I’d suggest that you use Drush to run the migrate commands rather than using the Migrate UI. I’ve found it to be more robust because I’ve had migrations fail when being run via the migrate UI, only to run successfully when executed via Drush.

There are the main Drush migrate commands that you can run:

$ drush migrate-import (mi)
$ drush migrate-stop (mst)
$ drush migrate-reset-status (mrs)
$ drush migrate-rollback (mr)

To see a full list of the available Drush Migrate commands, run $ drush --filter=migrate.

Use prepareRow() and drush_print_r()

If you’re used to using functions like dpm(), dsm() or kpr() in your module code to find out a value of a variable, or what properties an array or object has, there's a similar function in Drush - drush_print_r(). This outputs data to the screen in the same way that PHP’s print_r() function does.

I tend to use it within the prepareRow() method to see what data is available within the $row object.

protected function prepareRow($row) {
  drush_print_r($row);
}

If you are using migrate_d2d or extending another class, remember to use parent::prepareRow() to add to the preparations in the parent class rather than overridding them, and also to skip the row if was skipped in the parent class.

class RoadccPageNodeMigration {
  ...

  protected function prepareRow($row) {
    if (parent::prepareRow($row) === FALSE) {
      return FALSE;
    }
  }
}

Limit the Number of Items that You Are Importing

Rather than waiting for an entire migration to run to confirm if your latest script amend or addition worked, you can run a migration on a reduced number of items by using the --limit option.

drush mi RoadccPageNode --limit=”10 items”

You can limit by the number of items, such as "10 items", or by the amount of time, such as "60 seconds".

Update, not Rollback

You can also save time by using the --update option to update any already-imported rows, rather than rolling back and removing them, then re-importing.

drush mi RoadccPageNode --limit="10 items" --update

Use addSimpleMappings()

As part of each migration, you need to map the source values to the approprate destination using the addFieldMapping() method. For example:

$this->addFieldMapping('destination', 'source');

If, however, the source and destination names are the same, you can use the addSimpleMappings() method. This just takes a list of property names in an array and automatically uses each one as both the source and the destination.

$this->addSimpleMappings(
  array(
    'uid',
    'created',
    'changed',
    'field_foo',
    ...
  )
);

If you are using migrate_d2d then some of the common properties - e.g. uid, created, changed - will already be mapped in this way in the parent class.

Use addUnmigratedSources() and addUnmigratedDestinations()

If you use the Migrate UI, then you may see messages like the one in this image. In this example, there are 108 unmapped destination properties, although the same can happen for sources (properties attached to the data being imported). These may be intentionally not mapped, a newer source database has added more sources following a schema update, or a new module has been installed and has added more destinations.

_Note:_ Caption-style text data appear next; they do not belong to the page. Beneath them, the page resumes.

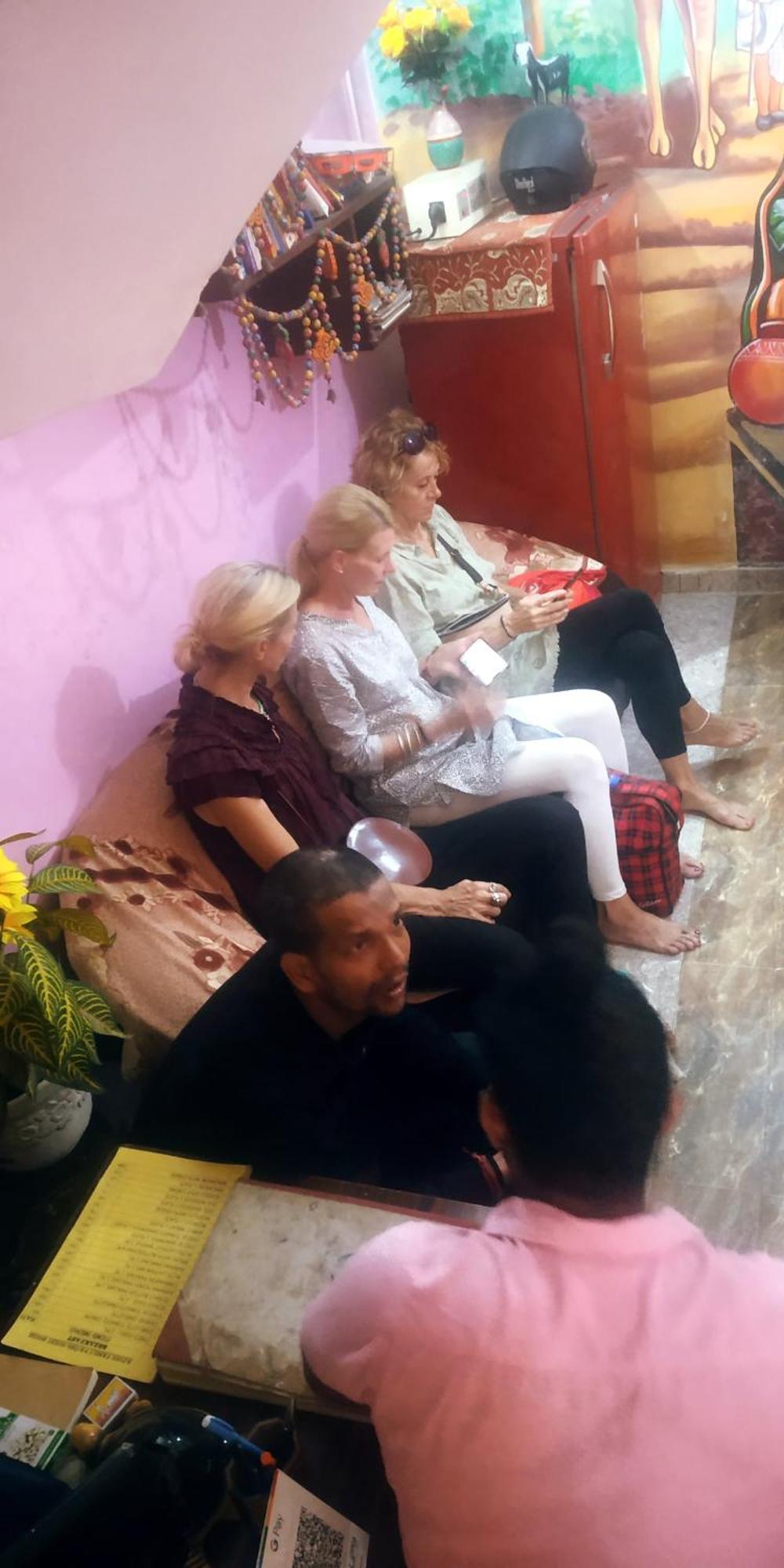 Azure Family Paying Guest house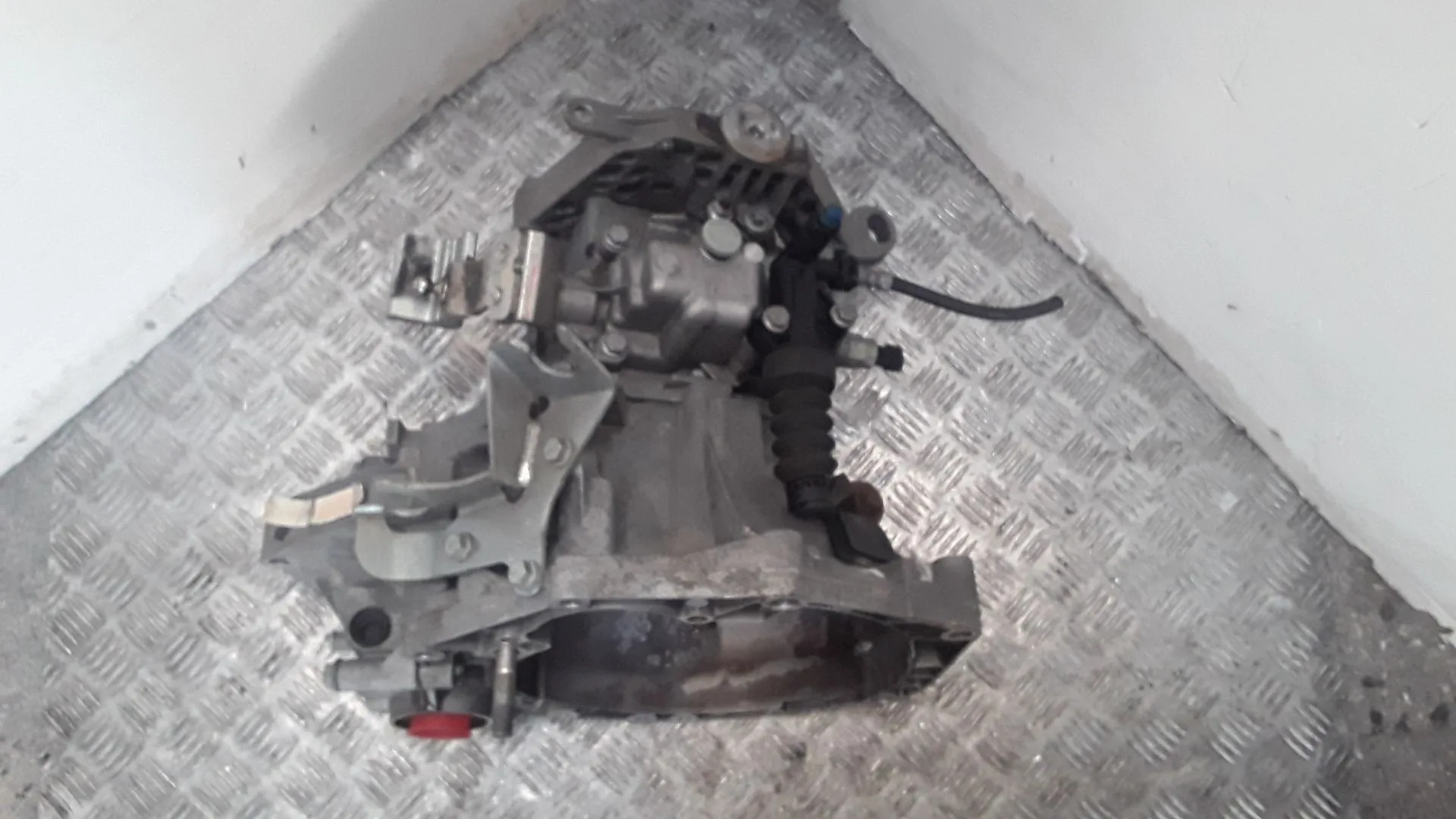 Caja Cambios para Fiat Tipo Station Wagon (356_, 357_)
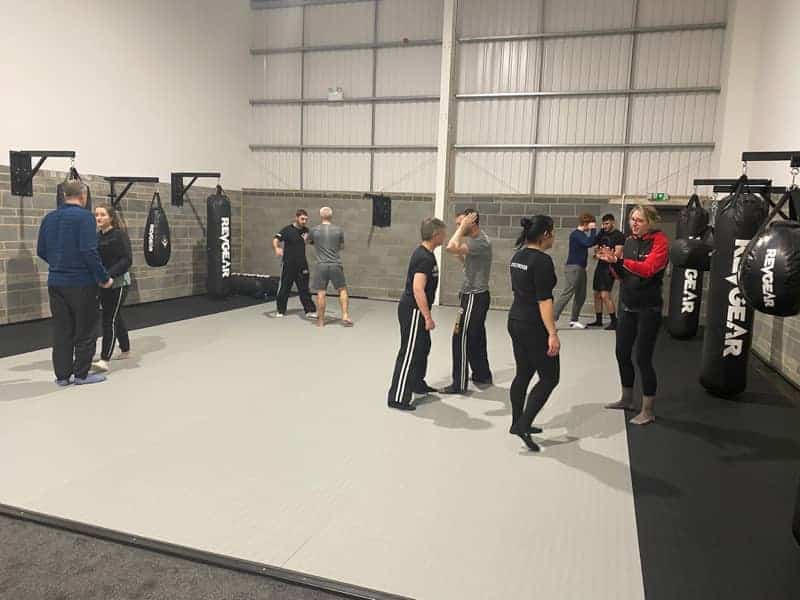 Brazilian Jiu-Jitsu Durham City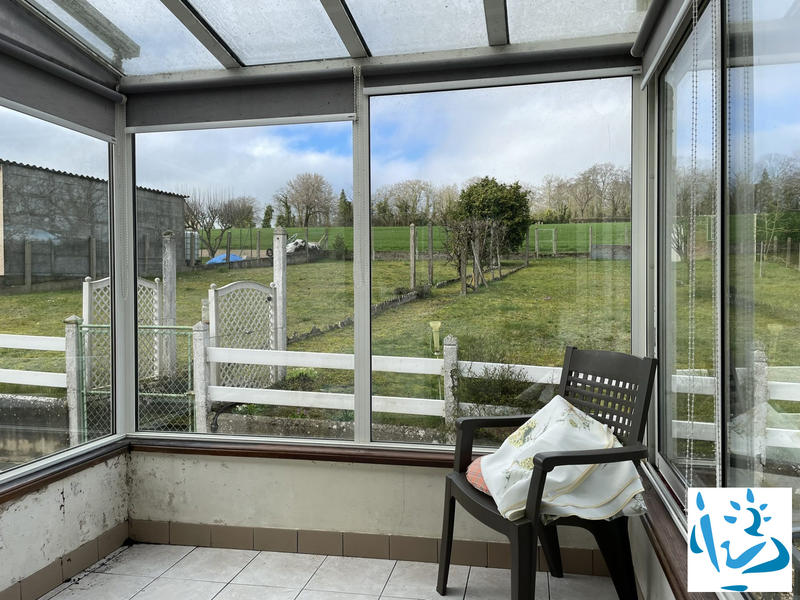 Maison - 73 m² - 5 pièces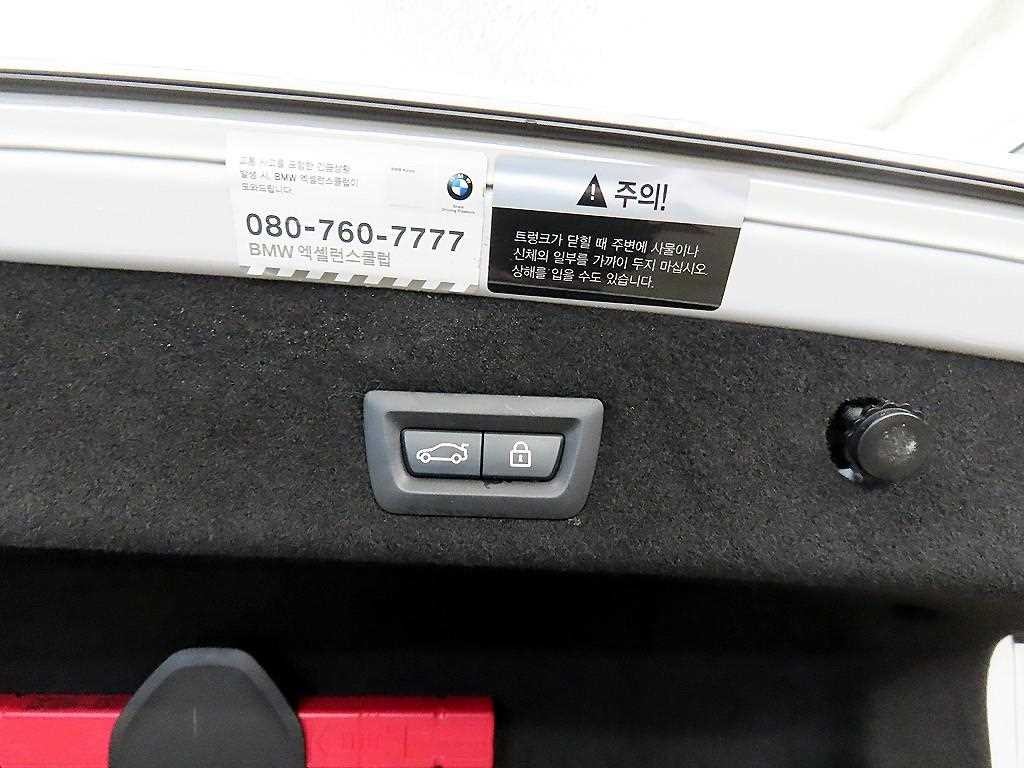 BMW 7시리즈 7시리즈 (G11) 750Li xDrive 프레스티지 이미지 16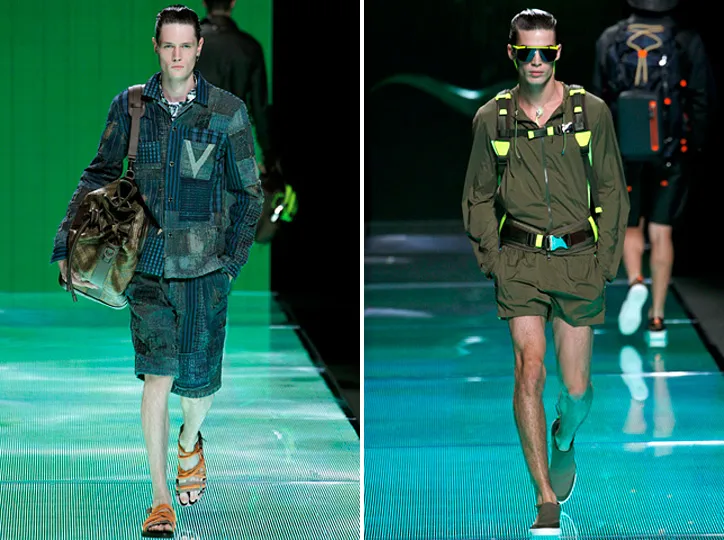 Menswear Spring/summer 2013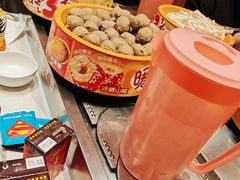-龍歌自助小火锅(市南金茂湾店)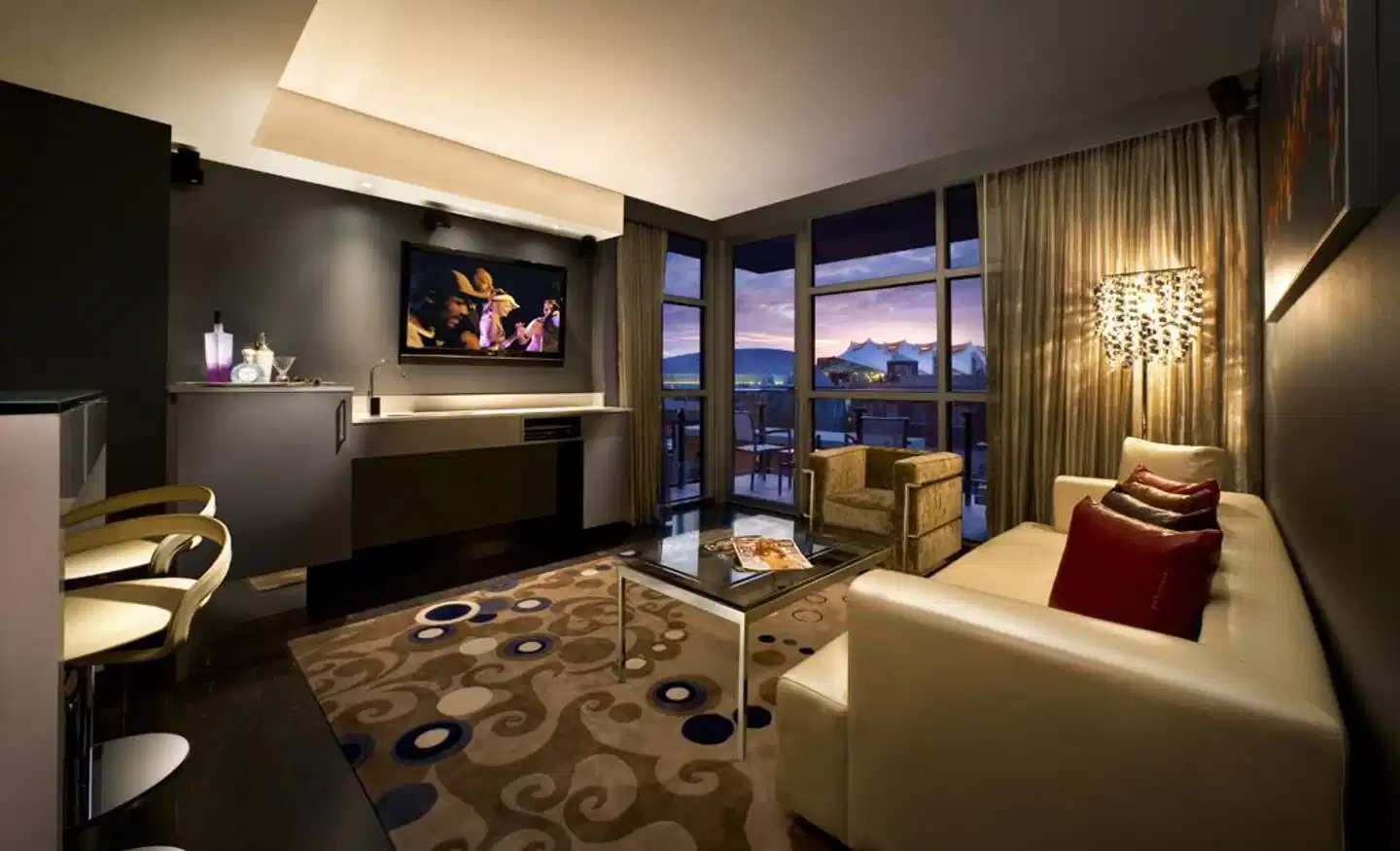Hard Rock Hotel San Diego Wohnbeispiel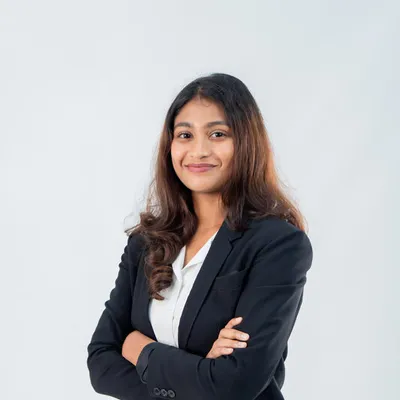 Placeholder portrait standing in for Malina Dissanayake's headshot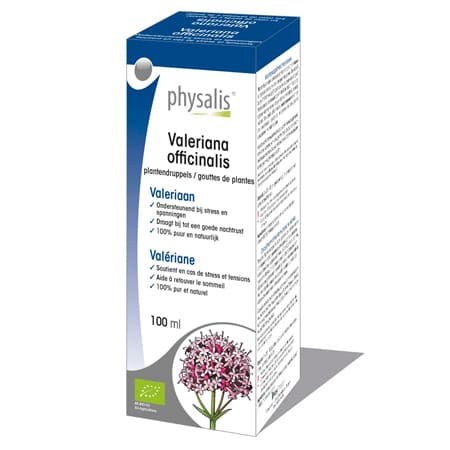 Physalis Valeriana Officinalis Bio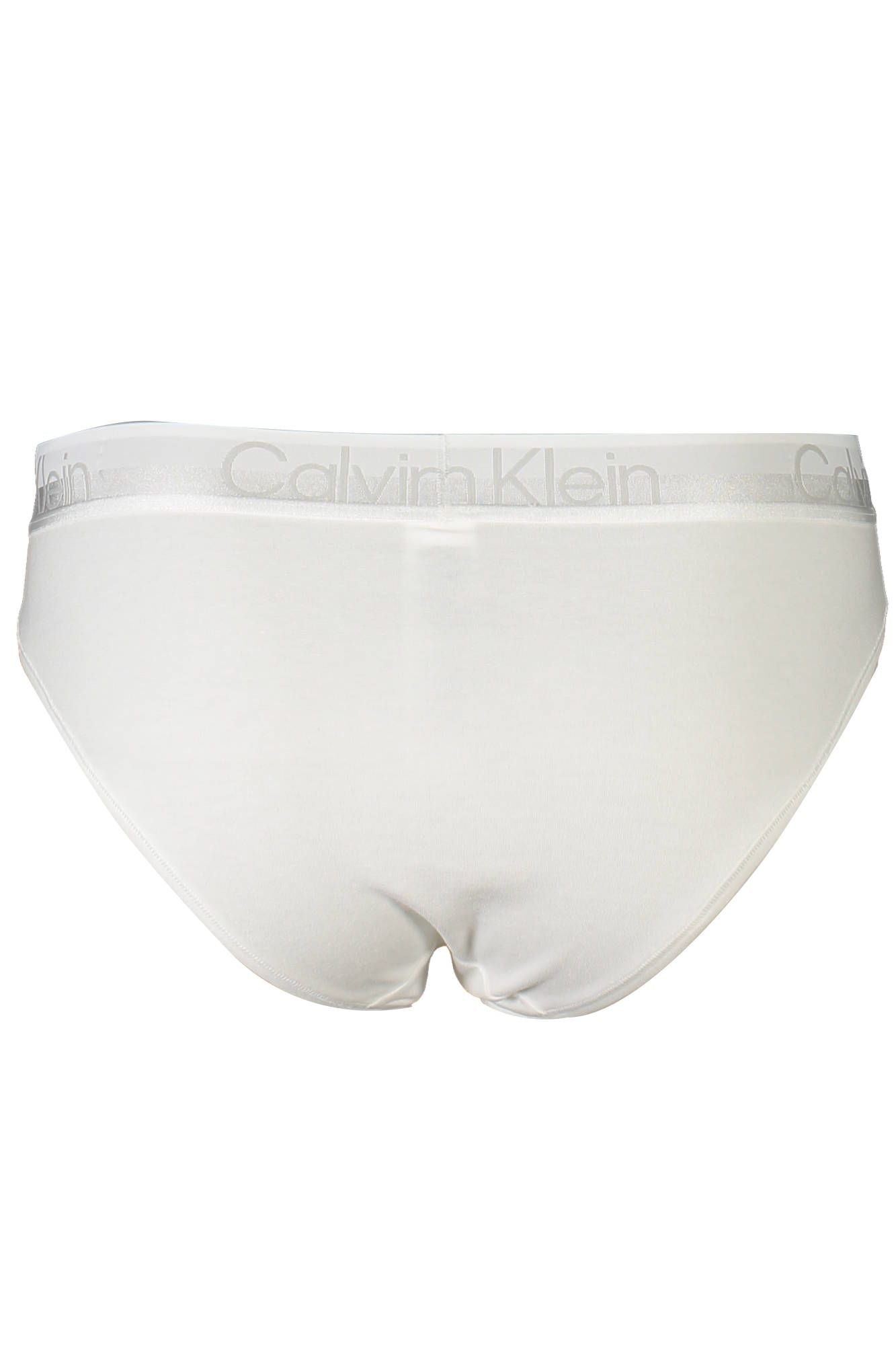 White Cotton Women Brief - SEHABRANDS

If you do mean to intentionally not map a source or a destination, then use the addUnmigratedSources() and/or the addUnmigratedDestinations() method within your constructor after declaring your field mappings.

Both methods take an array of property names to declare as unmigrated, and will therefore mark them as mapped and remove the error.

public function __construct(array $arguments = array()) {
  ...

  // These fields are not being migrated, so mark them as such.
  $this->addUnmigratedDestinations(
    array(
      'field_one',
      'field_two',
      'field_three,
    )
  );
}

This makes it much clearer when you or a colleague re-visits this migration at a later date that these were intentionally not mapped and not forgotten about or were not present when the migration class was written.

Write your own base Migration Classes

Because migrate is based on object-oriented classes, these can be extended and customised as needed, making them extremely flexible. I’ve found this to be very useful when I needed to do something that needed to apply to all migrations, such as getting the database connection, or something affected all migrated nodes, such as replacing full URLs with relative ones so that they work on different environments, or mapping the source node ID values to the destination ones.

This is done by writing our own abstract classes that extend the default ones such as Migration or DrupalNode6Migration. Because we’re using the abstract keyword before the class name, we ensure that these classes cannot be instantiated directly, and must be extended by another class.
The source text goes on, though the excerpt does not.